### Task brief:
Each line containing the word "image" must be copied from the material below.
[Data extract]
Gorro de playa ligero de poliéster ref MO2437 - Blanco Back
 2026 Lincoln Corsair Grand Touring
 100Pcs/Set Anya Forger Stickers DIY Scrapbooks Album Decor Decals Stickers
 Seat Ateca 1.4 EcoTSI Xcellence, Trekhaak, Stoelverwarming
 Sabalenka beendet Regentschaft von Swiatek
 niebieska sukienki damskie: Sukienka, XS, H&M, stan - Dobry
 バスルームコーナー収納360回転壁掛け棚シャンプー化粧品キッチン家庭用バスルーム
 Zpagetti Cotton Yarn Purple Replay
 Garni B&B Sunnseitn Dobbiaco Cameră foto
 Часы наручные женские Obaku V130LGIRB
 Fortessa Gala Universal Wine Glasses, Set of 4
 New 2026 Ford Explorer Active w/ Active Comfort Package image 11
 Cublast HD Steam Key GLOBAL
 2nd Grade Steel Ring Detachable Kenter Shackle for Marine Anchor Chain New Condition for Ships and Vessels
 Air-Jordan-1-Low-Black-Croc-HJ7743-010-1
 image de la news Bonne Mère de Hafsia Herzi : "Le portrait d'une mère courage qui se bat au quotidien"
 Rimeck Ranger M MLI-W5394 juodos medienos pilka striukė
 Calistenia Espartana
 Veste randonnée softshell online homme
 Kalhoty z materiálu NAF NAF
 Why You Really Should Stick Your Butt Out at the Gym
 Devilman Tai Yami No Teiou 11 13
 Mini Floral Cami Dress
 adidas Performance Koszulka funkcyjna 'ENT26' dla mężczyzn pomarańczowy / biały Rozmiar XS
[/Data extract]
### Response to the exercise:
 New 2026 Ford Explorer Active w/ Active Comfort Package image 11
 image de la news Bonne Mère de Hafsia Herzi : "Le portrait d'une mère courage qui se bat au quotidien"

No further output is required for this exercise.